Records for processing
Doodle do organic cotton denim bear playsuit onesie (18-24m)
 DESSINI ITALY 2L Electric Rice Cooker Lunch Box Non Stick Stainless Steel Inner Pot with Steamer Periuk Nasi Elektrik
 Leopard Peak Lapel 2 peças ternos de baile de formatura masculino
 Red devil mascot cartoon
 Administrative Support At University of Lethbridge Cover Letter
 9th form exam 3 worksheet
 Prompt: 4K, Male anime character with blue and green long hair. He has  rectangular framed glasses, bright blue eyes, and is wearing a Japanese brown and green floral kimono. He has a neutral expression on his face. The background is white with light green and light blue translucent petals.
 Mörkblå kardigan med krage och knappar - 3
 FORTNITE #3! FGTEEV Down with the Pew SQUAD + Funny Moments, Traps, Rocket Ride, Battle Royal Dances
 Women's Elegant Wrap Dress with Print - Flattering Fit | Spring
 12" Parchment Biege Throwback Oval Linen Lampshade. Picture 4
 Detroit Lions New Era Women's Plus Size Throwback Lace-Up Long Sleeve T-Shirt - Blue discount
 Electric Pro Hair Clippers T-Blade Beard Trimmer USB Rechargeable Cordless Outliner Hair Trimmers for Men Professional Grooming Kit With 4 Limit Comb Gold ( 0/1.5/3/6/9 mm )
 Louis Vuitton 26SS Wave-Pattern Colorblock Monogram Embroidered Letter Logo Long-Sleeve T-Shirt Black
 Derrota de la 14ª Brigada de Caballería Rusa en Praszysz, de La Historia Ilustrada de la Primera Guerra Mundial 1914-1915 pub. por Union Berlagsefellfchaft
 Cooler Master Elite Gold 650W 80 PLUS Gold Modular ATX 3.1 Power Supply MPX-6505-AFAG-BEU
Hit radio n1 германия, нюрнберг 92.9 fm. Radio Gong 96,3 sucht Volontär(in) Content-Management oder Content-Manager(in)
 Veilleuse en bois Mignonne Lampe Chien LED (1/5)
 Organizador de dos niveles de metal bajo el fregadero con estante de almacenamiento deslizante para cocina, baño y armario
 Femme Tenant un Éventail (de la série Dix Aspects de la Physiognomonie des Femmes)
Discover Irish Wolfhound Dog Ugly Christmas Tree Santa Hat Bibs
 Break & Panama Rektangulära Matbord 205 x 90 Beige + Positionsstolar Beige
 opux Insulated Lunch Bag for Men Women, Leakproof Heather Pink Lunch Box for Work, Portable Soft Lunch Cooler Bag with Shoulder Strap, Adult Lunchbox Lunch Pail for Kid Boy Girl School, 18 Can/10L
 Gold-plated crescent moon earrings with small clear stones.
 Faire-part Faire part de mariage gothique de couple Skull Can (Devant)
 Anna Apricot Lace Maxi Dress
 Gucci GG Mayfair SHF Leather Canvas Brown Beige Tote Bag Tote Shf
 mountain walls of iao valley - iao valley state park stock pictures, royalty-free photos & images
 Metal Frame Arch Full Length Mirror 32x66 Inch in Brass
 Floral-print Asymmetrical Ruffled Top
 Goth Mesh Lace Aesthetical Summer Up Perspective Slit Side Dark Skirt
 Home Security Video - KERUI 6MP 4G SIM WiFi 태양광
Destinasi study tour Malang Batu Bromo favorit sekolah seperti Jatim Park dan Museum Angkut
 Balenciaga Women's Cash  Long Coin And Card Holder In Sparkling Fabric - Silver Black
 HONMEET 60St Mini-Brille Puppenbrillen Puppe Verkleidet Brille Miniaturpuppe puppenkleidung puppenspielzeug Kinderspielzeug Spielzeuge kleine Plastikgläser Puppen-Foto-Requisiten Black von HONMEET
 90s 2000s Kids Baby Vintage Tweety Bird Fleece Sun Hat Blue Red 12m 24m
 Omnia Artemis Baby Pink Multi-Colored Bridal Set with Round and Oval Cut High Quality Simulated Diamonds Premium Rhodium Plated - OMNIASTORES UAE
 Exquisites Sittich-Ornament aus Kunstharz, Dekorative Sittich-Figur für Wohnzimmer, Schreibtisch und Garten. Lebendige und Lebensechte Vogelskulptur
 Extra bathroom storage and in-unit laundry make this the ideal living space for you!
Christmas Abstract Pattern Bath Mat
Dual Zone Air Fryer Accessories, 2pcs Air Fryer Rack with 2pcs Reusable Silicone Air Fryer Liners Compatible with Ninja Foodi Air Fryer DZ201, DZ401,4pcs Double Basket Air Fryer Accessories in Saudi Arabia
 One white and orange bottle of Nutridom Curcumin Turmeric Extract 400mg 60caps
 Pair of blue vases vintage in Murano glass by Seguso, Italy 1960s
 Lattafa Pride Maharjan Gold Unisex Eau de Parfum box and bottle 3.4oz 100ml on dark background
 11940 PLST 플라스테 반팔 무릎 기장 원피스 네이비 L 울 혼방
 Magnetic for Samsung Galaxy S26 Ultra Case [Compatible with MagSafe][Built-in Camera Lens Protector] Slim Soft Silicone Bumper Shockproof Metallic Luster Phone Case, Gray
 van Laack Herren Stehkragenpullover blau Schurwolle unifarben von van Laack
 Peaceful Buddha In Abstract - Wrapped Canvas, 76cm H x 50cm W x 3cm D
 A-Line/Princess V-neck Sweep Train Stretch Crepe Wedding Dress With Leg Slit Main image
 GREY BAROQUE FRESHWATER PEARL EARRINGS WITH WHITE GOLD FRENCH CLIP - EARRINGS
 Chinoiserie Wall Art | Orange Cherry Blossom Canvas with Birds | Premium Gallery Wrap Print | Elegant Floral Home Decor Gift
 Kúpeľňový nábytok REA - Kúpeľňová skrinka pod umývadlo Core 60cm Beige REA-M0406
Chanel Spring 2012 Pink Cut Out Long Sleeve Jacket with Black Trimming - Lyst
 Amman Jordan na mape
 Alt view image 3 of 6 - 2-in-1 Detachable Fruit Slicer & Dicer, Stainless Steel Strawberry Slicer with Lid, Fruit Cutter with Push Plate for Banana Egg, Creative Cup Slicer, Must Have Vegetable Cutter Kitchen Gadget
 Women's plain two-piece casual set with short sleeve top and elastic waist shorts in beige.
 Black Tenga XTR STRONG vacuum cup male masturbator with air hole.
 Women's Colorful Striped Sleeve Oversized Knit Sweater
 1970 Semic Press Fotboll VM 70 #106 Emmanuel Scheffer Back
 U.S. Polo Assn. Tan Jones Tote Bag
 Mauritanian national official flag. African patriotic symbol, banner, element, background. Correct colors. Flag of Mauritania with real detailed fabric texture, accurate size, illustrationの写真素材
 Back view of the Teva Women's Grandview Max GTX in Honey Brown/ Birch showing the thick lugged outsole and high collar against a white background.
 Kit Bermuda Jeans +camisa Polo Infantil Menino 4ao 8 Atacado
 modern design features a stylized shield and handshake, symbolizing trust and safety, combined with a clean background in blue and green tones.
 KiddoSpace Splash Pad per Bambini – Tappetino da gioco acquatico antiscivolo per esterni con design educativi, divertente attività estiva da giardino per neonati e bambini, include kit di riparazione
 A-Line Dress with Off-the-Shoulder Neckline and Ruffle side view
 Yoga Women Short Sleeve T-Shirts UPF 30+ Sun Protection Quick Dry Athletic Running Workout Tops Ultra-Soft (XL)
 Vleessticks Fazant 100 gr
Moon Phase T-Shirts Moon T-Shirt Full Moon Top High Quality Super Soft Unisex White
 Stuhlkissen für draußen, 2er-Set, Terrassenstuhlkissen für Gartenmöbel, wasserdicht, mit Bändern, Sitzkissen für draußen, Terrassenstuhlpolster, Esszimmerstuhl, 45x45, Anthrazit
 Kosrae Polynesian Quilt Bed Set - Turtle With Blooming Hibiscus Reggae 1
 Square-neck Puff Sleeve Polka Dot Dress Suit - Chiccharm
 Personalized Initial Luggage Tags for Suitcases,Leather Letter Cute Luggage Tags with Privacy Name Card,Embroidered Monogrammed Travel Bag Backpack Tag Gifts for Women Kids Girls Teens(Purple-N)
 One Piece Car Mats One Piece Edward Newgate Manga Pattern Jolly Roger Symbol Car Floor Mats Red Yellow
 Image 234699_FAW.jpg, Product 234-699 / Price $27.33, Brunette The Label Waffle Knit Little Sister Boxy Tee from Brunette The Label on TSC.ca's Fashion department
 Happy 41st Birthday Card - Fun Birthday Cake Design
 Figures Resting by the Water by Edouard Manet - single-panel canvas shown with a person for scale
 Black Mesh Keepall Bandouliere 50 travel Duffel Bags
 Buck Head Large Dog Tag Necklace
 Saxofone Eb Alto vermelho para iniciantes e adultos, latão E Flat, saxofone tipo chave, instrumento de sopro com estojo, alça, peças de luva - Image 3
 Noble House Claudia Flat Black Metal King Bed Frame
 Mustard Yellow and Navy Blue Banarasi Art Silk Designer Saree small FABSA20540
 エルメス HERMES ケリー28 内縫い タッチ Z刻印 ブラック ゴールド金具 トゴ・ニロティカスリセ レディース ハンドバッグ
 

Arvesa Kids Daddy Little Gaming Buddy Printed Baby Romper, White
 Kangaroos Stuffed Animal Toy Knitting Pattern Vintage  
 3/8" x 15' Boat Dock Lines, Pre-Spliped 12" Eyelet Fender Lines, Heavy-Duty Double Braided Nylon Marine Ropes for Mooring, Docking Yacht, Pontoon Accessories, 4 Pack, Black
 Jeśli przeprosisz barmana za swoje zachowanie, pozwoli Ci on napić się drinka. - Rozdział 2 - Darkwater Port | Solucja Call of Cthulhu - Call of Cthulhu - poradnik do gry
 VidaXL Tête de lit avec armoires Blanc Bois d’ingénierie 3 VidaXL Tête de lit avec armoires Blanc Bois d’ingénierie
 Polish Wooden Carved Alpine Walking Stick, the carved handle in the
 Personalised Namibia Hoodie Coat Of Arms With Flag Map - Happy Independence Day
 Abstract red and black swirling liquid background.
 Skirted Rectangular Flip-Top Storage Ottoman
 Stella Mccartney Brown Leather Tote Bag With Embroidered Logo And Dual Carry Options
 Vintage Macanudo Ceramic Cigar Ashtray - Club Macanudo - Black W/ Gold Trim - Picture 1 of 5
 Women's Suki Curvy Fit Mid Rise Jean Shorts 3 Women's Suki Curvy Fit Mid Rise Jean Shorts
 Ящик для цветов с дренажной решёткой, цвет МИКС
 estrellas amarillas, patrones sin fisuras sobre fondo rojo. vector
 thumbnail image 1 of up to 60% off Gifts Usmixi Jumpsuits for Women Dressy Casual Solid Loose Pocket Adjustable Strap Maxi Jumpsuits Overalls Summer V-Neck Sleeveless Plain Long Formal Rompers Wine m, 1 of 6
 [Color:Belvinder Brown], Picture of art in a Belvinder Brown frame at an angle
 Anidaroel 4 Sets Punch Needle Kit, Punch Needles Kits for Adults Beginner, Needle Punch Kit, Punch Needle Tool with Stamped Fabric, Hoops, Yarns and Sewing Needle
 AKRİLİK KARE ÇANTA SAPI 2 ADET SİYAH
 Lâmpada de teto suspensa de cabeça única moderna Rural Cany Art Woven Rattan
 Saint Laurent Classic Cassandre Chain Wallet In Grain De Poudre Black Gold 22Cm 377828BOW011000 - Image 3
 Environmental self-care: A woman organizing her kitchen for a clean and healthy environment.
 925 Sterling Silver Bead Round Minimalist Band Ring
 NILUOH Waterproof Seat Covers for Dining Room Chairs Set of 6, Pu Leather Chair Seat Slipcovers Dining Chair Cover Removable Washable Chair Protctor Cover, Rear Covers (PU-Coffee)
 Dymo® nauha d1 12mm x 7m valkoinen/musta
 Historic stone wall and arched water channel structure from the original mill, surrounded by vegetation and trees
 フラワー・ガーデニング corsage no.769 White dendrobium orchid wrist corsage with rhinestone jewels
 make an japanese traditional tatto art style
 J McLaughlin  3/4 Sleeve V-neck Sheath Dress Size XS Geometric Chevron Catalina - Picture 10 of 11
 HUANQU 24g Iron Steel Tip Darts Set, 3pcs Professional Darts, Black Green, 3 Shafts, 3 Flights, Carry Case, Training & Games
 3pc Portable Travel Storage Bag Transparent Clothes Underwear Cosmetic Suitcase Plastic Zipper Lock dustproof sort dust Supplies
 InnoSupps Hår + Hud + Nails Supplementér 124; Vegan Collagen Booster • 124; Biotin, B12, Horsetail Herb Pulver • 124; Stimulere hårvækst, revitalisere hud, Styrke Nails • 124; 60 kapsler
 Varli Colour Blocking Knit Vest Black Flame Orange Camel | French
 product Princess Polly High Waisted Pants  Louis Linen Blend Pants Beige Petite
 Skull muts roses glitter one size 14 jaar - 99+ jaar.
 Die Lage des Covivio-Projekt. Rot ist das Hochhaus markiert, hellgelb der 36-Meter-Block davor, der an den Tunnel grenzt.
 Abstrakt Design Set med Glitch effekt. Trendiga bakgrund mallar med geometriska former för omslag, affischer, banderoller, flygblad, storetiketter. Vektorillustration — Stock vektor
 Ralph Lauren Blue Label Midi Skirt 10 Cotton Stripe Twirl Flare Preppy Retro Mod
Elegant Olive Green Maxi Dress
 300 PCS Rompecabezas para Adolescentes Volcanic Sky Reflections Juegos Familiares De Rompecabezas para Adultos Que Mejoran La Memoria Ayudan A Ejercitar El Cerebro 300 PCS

What you have to do
Above are the records; from them, give again exactly the lines from the one containing "Black Mesh Keepall" to the one containing "Arvesa Kids Daddy", both lines included, and nothing more.

Result
 Black Mesh Keepall Bandouliere 50 travel Duffel Bags
 Buck Head Large Dog Tag Necklace
 Saxofone Eb Alto vermelho para iniciantes e adultos, latão E Flat, saxofone tipo chave, instrumento de sopro com estojo, alça, peças de luva - Image 3
 Noble House Claudia Flat Black Metal King Bed Frame
 Mustard Yellow and Navy Blue Banarasi Art Silk Designer Saree small FABSA20540
 エルメス HERMES ケリー28 内縫い タッチ Z刻印 ブラック ゴールド金具 トゴ・ニロティカスリセ レディース ハンドバッグ
 

Arvesa Kids Daddy Little Gaming Buddy Printed Baby Romper, White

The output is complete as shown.